Ce n’est pas déchoir que d’être d’accord avec la peine infamante de la déchéance de nationalité pour les terroristes, même s’il y en a qu’un ; ce n’est pas déchoir que de demander à ce que l’on touche à la Constitution que d’une main tremblante et que si le fonctionnement des institutions l’exige ; ce n’est pas déchoir  que d’essayer d’obtenir une majorité au congrès des 3/5 ème  droite et gauche confondues sans pour autant donner un satisfecit général à celui qui gouverne. Et ce n’est pas déchoir que tenter d’éviter que nos ennemis se félicitent de nos discussions qui  sont le reflet de notre humanisme et de notre grandeur .Réformons donc l’orthographe mais surtout changeons les esprits pour qu’ils soient  plus pragmatiques et ouverts. Nous avons des priorités à résoudre de façon concrète  qui sont vitales pour notre avenir ;   la sécurité qui est la première des libertés conditionne toutes les autres. On comprend que nos dirigeants s’y consacrent à fond.
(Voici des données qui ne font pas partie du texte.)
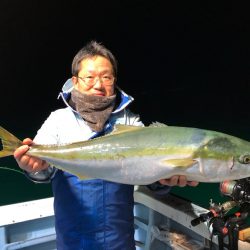 第二八坂丸 釣果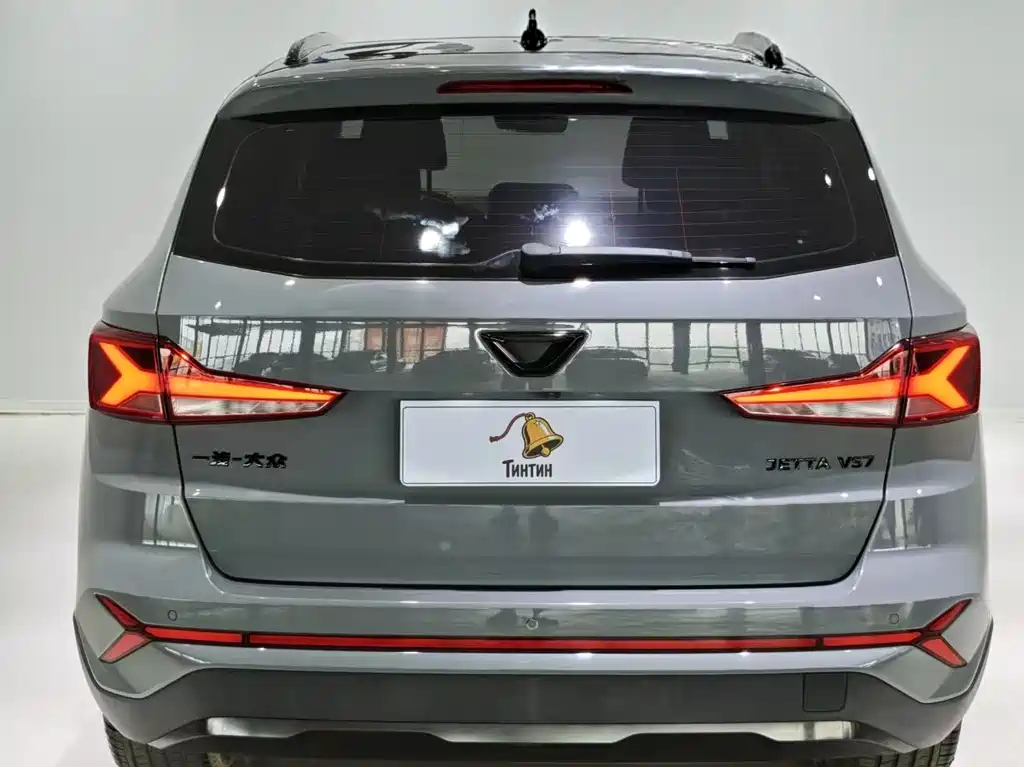 Jetta VS7 Black Sharp 1.4 T Auto Glory Pro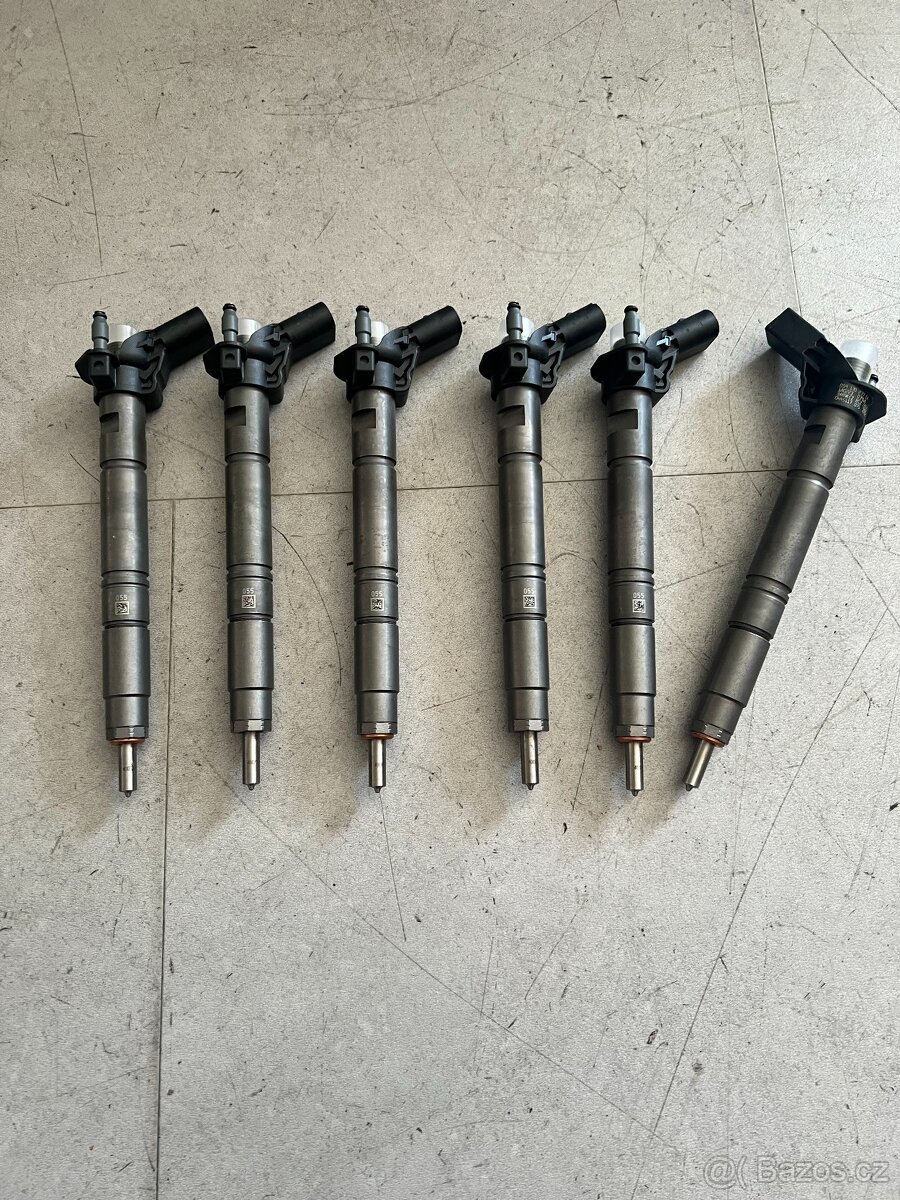 Nový vstřikovač Audi,Volkswagen 3.0TDI,059130277EK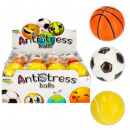 palla antistress 7cm mc sport mix3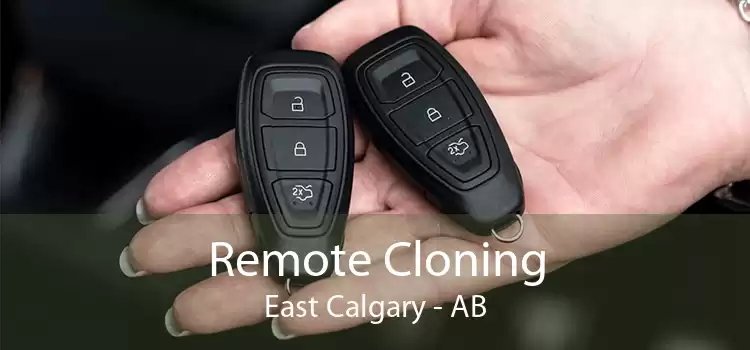 Remote Cloning East Calgary - AB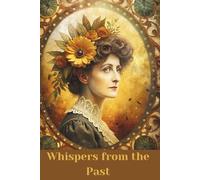 Whispers from the Past: A Vintage-Inspired Quote Notebook with Lined Pages for Thoughtful Writing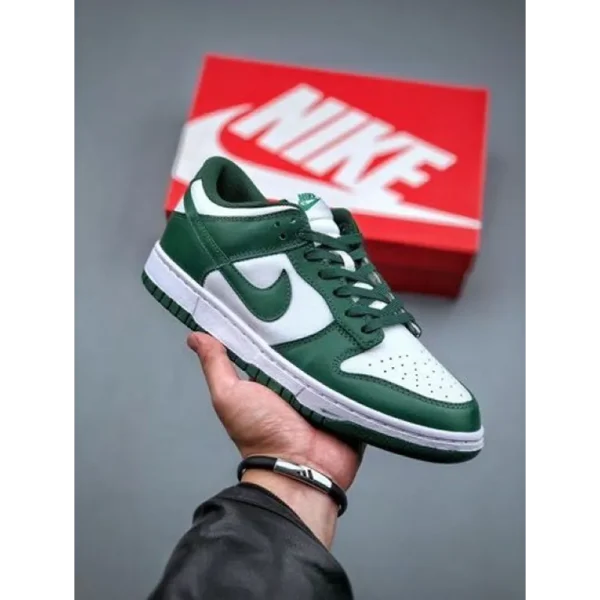 Nike Sb Dunk Low Varsity Green Shoes For Men (SF53)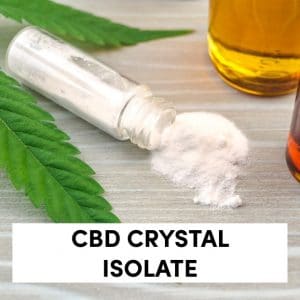 CBD Crystal Isolate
Les explications des uns et des autres qui écrivent des livres pour nous dire pourquoi ils n’ont pas agi, ce qu’ils regrettent, qu’ils ont changé, nous éclairent certes et sont intéressants, mais les citoyens ont compris que les promesses n’engagent que ceux qui y croient .Concluons donc au plus vite sur la déchéance de nationalité, inscrite ou non dans la Constitution et passons à autre chose. Il y a un mot pour dire que les polémiques politiciennes suffisent ; «  basta »   en italien et en bon français : il suffit.